Back to school shopping can be a daunting activity.
Being confronted with endless rows of colorful pencils, notebooks, binders and all manner of accessories is overwhelming. So much of the school year's success seems to ride on having the right stuff. After all, a fully loaded arsenal of freshly sharpened, sparkly pink No. 2 pencils makes all the difference.
"Retailers will offer back-to-school deals to entice shoppers," says the Better Business Bureau of New York. "Coupons, deals and giveaways are always nice, but make sure you actually need the items first and beware of advertising that could steer you wrong or sounds too good to be true."
With all this pressure on obtaining the tools deemed necessary for a child's education, the financial burden at the start of the school year can be significant. Aside from the monetary concerns, it can be difficult to even know where to begin shopping. To aleviate some of the confusion, many Jamestown schools post their supply lists online. Persell Middle School officials organize their classrooms by "teams," and each team has its own supply letter.
A few sample items include two 3-inch three-ring binders, at least 100 sheets of notebook paper, at least two dozen pencils, at least five pocket folders, two large boxes of tissues, a TI-30XIIS scientific calculator and a pair of headphones, among other things.
Luckily, there are places frustrated parents can turn to. Online shopping can be a money-saver for many. Firing up the computer can cut back costs by comparing websites and products to find parents the best price. If moms and dads don't have the time to cut coupons, services like FreePriceAlerts, an automatic price search engine that instantly notifies online shoppers of low prices, can do it for them.
According to the National Retail Federation, parents will be shopping carefully and making special efforts to save on supplies this school year. Thirty-one percent of families say they will do comparative shopping online (compared to 29.8 percent last year), and they will use more coupons (38.7 percent vs. 36.9 percent), and cut back on extracurricular activities or sports (14.3 percent vs. 10.2 percent).
However, some families may not have access to a computer with which to do their school shopping. That's where the Joint Neighborhood Project comes in.
"We fill backpacks with grade-appropriate supplies and give them out to children in need," explained Barb Hungerford, executive director.
The backpacks are purchased and filled using JNP's funds as well as through donations from local organizations.
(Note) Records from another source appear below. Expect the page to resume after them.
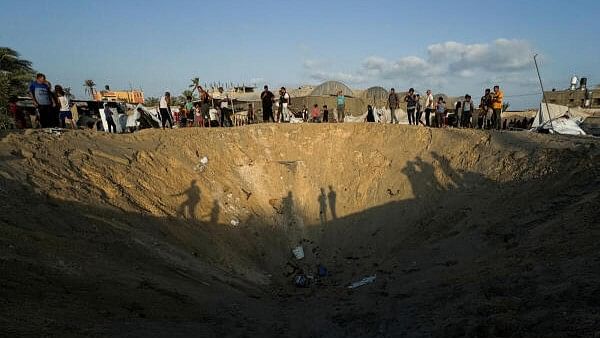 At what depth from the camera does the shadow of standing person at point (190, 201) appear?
30.1 feet

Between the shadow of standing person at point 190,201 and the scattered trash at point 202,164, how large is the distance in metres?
0.69

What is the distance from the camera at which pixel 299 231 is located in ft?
36.2

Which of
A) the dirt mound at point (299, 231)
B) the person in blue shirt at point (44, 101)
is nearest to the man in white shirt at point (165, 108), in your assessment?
the dirt mound at point (299, 231)

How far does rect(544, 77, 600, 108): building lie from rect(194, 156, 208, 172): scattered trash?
21.0 meters

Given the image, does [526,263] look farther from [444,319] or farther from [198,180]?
[198,180]

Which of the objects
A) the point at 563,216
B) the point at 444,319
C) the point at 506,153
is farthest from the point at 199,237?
the point at 506,153

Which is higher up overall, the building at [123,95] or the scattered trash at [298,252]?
the building at [123,95]

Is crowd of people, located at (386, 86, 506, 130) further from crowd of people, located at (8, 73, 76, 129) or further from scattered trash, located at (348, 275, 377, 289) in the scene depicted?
crowd of people, located at (8, 73, 76, 129)

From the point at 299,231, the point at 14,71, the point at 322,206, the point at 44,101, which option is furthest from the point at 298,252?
the point at 14,71

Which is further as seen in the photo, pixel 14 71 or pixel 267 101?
pixel 14 71

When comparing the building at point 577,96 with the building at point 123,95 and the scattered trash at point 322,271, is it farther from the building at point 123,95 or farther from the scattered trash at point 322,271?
the building at point 123,95

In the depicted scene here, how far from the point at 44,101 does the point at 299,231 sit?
7.93 metres

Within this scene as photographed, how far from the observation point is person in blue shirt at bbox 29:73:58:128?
9516 mm

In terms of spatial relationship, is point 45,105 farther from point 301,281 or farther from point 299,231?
point 301,281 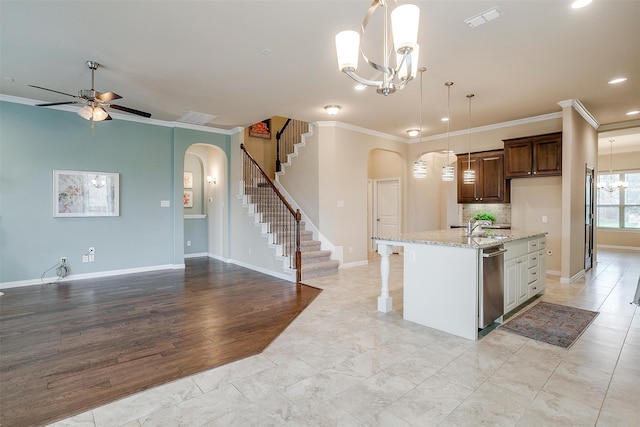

Bemus Point United Methodist Vacation Bible Camp, Holy Trinity Lutheran Church, the Jamestown Islamic Society and Jamestown Business College are all major contributors to the program.
"We have given out around 300 backpacks," said Hungerford. "It's the same number that we gave out last year."
Unfortunately, that number is not enough. JNP runs the back to school drive every year, but this year they have had an increase in requests. JNP is unable to fulfill the demand, and it has no plans to expand the program due to lack of funding. Hungerford puts the soaring demand up to the increasingly exhaustive supply lists provided by schools.
"The supply lists schools are giving out seem to be getting longer, and the cost is really increasing because of this," she said. "It is getting more expensive to send a child to school, and because of this we are really seeing a rise in need."